Having disposed of this point, for we deem it unnecessary to say more in regard thereto, there remains the claim of petitioner that, if the Great Western Power Company is to retain its right given by the contract to use agencies and appliances belonging to him, the order will operate to deprive plaintiff of the use of his property without compensation and, by compelling him, in effect, to pay a higher rate than other consumers, create the discrimination it purports to abolish. If the order attempted to change the rate paid by petitioner and, at the same time, give the power company the right to continue to use the agencies and appliances of petitioner under the contract, then it would, indeed, exceed the jurisdiction of the commission by depriving petitioner of his property without compensation and clue process of law.

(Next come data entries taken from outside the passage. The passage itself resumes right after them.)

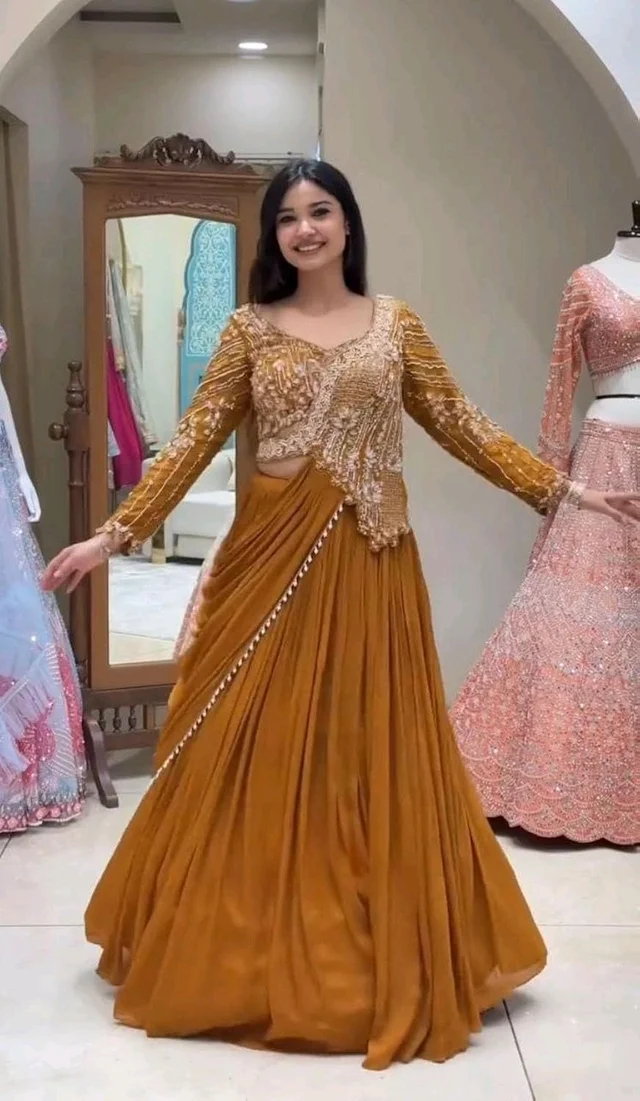 Lehenga Choli Indo-Western Draped Set For Womens And Girls Ready To Wear Hevay Rangoli Silk Fabric With Work Multi Thread Embroidery Sequence Work
- Free Size, Mustard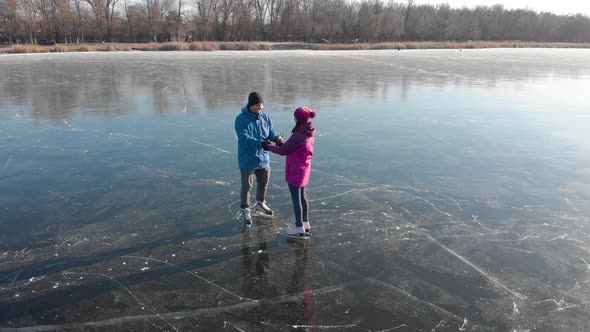 Happy Couple Ice Skating Outdoors on a Frozen Lake on a Lovely Sunny Winter Day. Ice Skating Lovely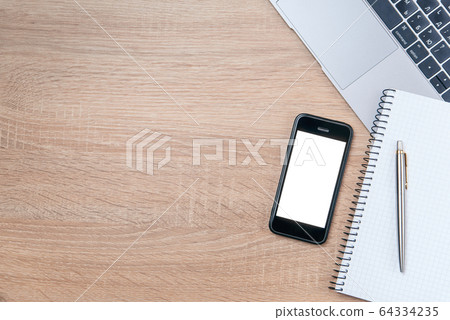 Flat lay of wooden office desk with laptop, smartphone, pen and notebook with copy space background. 64334235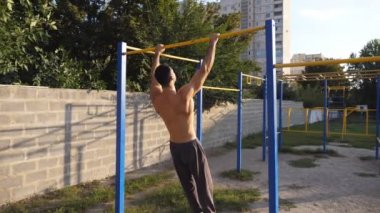 Güçlü sporcu açık havada jimnastik hareketleri sergiliyor. Genç kaslı atlet spor sahasında statik egzersizler yapıyor. Spor yaşam tarzı konsepti. Dolly vurdu.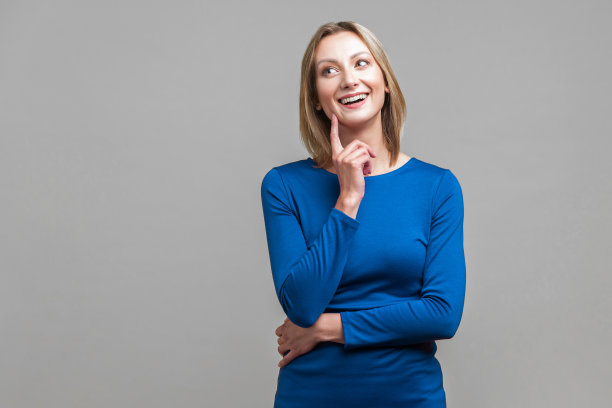 肖像可爱的积极的女人在蓝色裙子指向手指向上和触摸脸，有一个伟大的想法。在灰色背景上隔离图片下载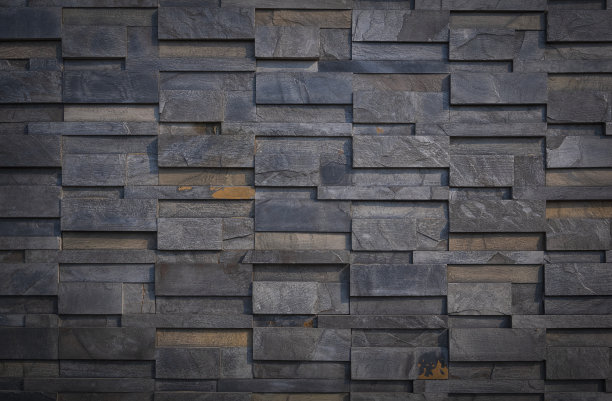 灰色石板墙背景表面的渐变光，复古色调风格图片下载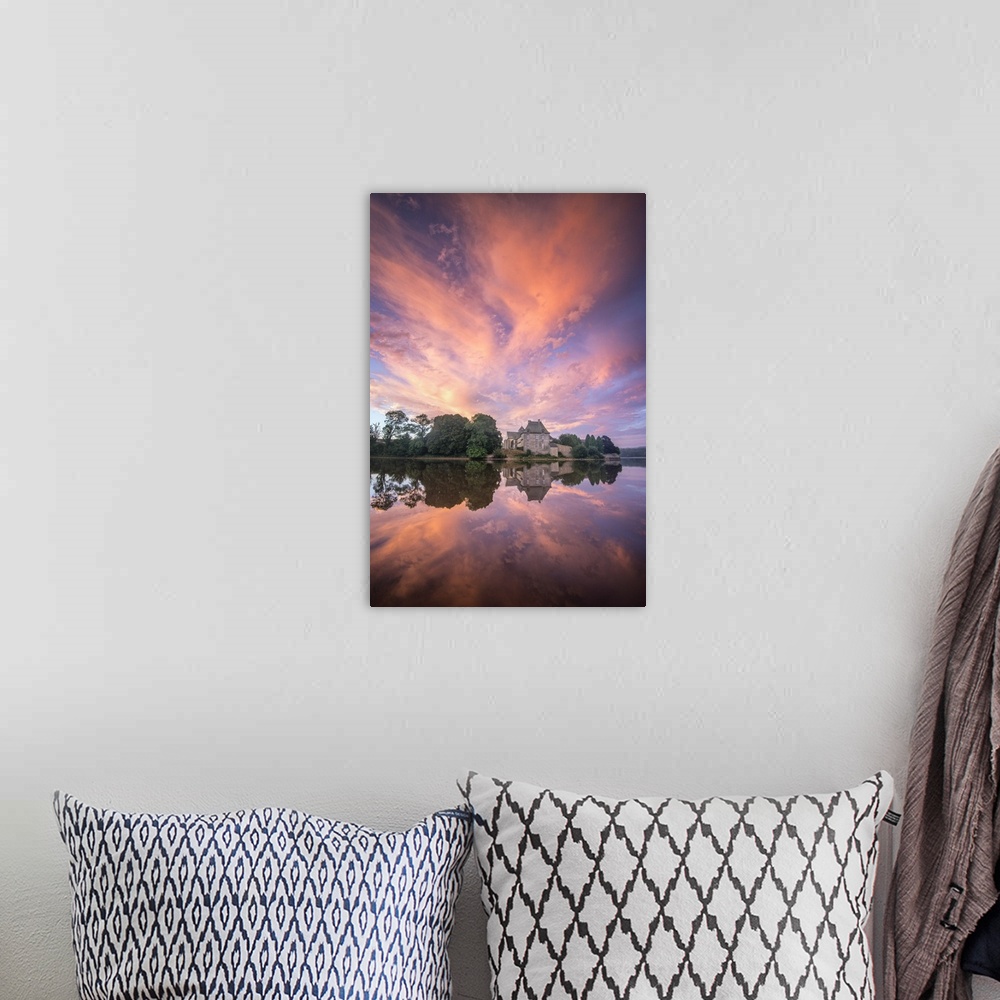 A bohemian room featuring Fiery sunset clouds over a church, reflected in water.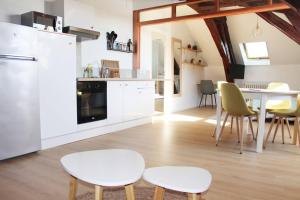 een keuken met witte kasten en een tafel en stoelen bij Cocon plein centre ville - parking privé in Auxerre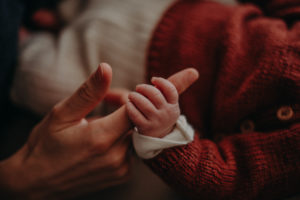 Neugeborenenfoto von Babyhand die den Finger der Mutter festhält entstanden bei Neugeborenenfotoshooting in Freiburg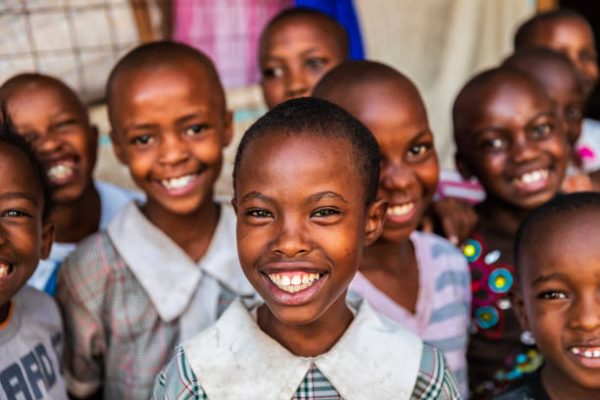 orphans Group of colorful dressed, happy African children, orphanage in Kenya. There is no light and electricity inside the classroom. Around 20-30 orphans live in this orphanage which is located near Nairobi.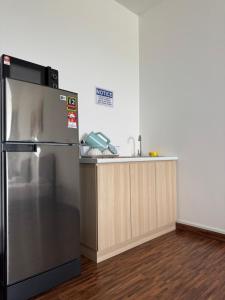 a kitchen with a stainless steel refrigerator and a sink at K Avenue High Floor Studio Balcony with Sunrise View in Kota Kinabalu
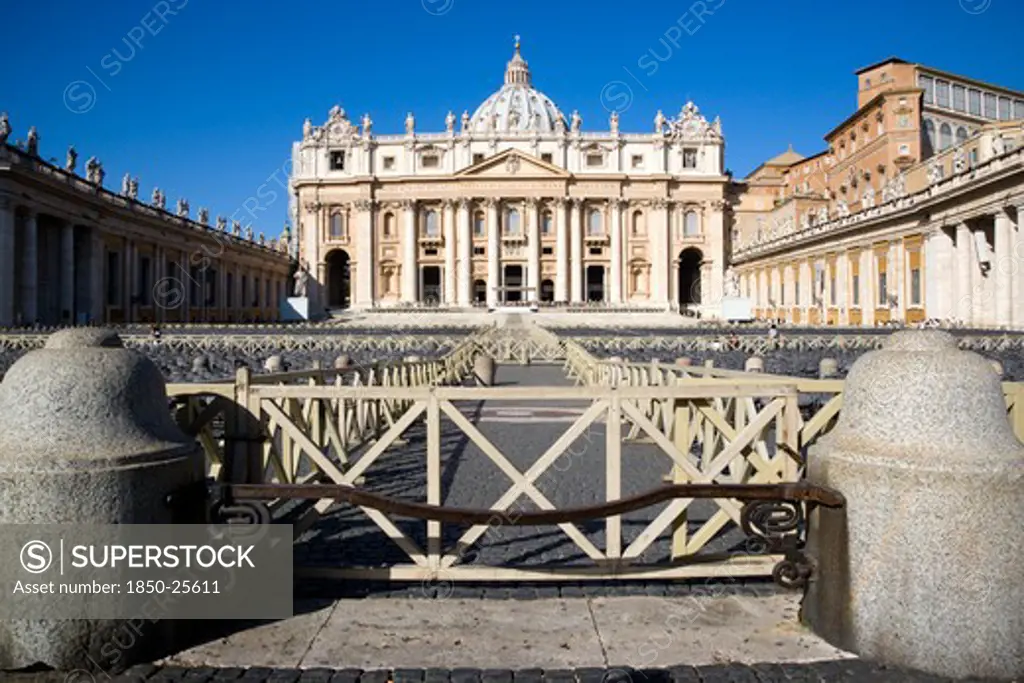 Italy, Lazio, Rome, Vatican City The Basilica Of St Peter With Tourists At The Entrance And Empty Seating For The Papal Audience In The Piazza San Pietro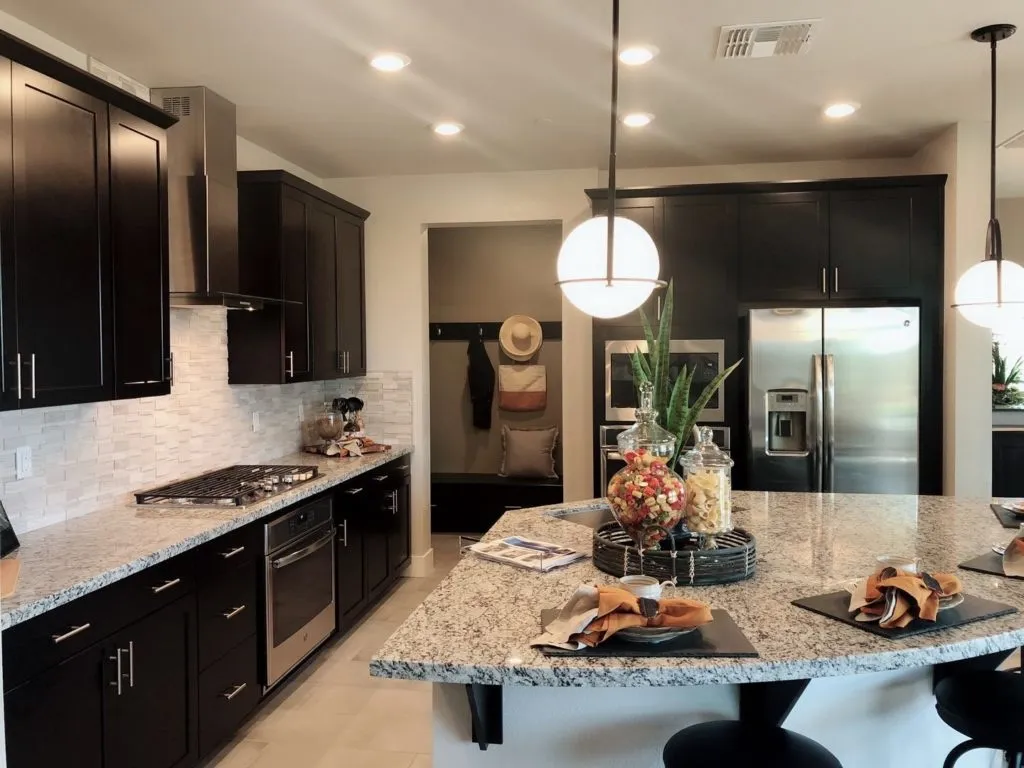 Espresso kitchen with granite island and stainless appliances
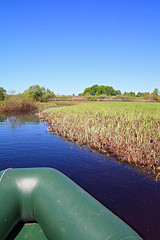 Image showing green boat on small river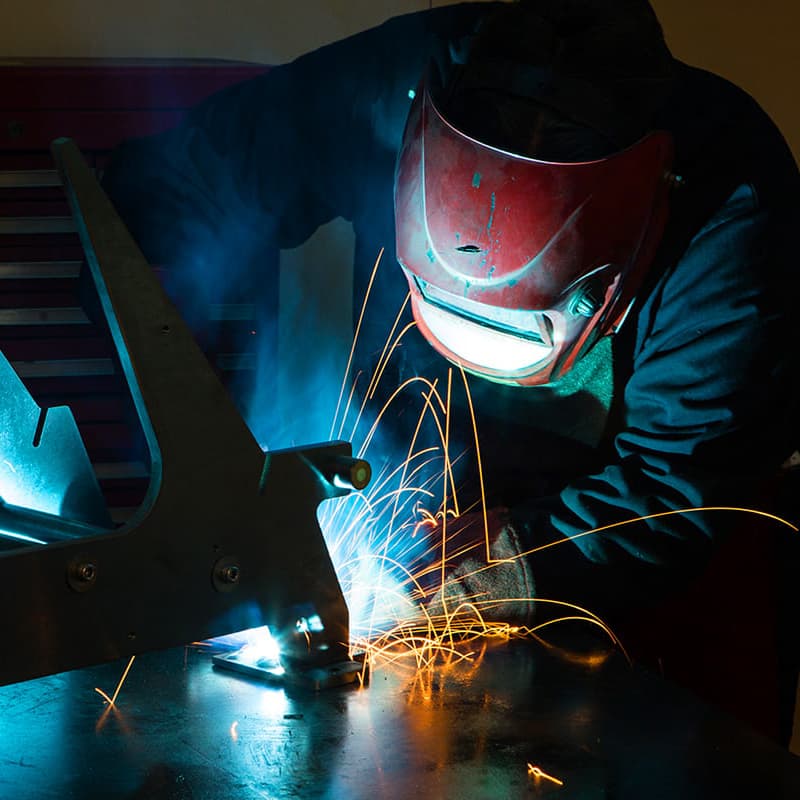 Close up of Welder welding wearing dark blue uniform with a dark red welding helmet.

This, however, is not the effect of the order, which simply does what the law permits, namely, fixes the rates to be paid by the consumer, and, therefore, nullifies the compensation fixed by the contract. It follows, of course, in view of the change effected by the order in such an important part of the contract, that petitioner will have the right under the law to rescind the contract, and prevent further use of his property by the former company, except for compensation properly determined. (See Newport v. Temescal etc. Water Co., 149 Cal. 538, [6 L.R.A. (N.S.) 1098, 87 P. 372]; Miller Lux v. Enterprise etc. Co., 169 Cal. 415, 426, [ 147 P. 567].)
The order to show cause is dismissed.
Angellotti, C. J., Shaw, J., Lawlor, J., Sloane, J., Olney, J., and Wilbur, J., concurred.